▶ **TASK TO COMPLETE**
Without skipping or changing anything, print all the entries.

▶ **GIVEN ENTRIES**
=== Begin Enclosure ===

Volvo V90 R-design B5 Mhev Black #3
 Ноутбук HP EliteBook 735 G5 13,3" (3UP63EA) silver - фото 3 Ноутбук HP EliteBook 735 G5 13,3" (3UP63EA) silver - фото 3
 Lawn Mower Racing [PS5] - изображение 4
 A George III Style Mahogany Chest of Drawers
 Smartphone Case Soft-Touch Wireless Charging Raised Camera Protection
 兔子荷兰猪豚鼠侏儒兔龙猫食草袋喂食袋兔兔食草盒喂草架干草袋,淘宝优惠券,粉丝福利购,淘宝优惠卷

=== End Enclosure ===

▶ **PROBLEM SOLUTION**
Volvo V90 R-design B5 Mhev Black #3
 Ноутбук HP EliteBook 735 G5 13,3" (3UP63EA) silver - фото 3 Ноутбук HP EliteBook 735 G5 13,3" (3UP63EA) silver - фото 3
 Lawn Mower Racing [PS5] - изображение 4
 A George III Style Mahogany Chest of Drawers
 Smartphone Case Soft-Touch Wireless Charging Raised Camera Protection
 兔子荷兰猪豚鼠侏儒兔龙猫食草袋喂食袋兔兔食草盒喂草架干草袋,淘宝优惠券,粉丝福利购,淘宝优惠卷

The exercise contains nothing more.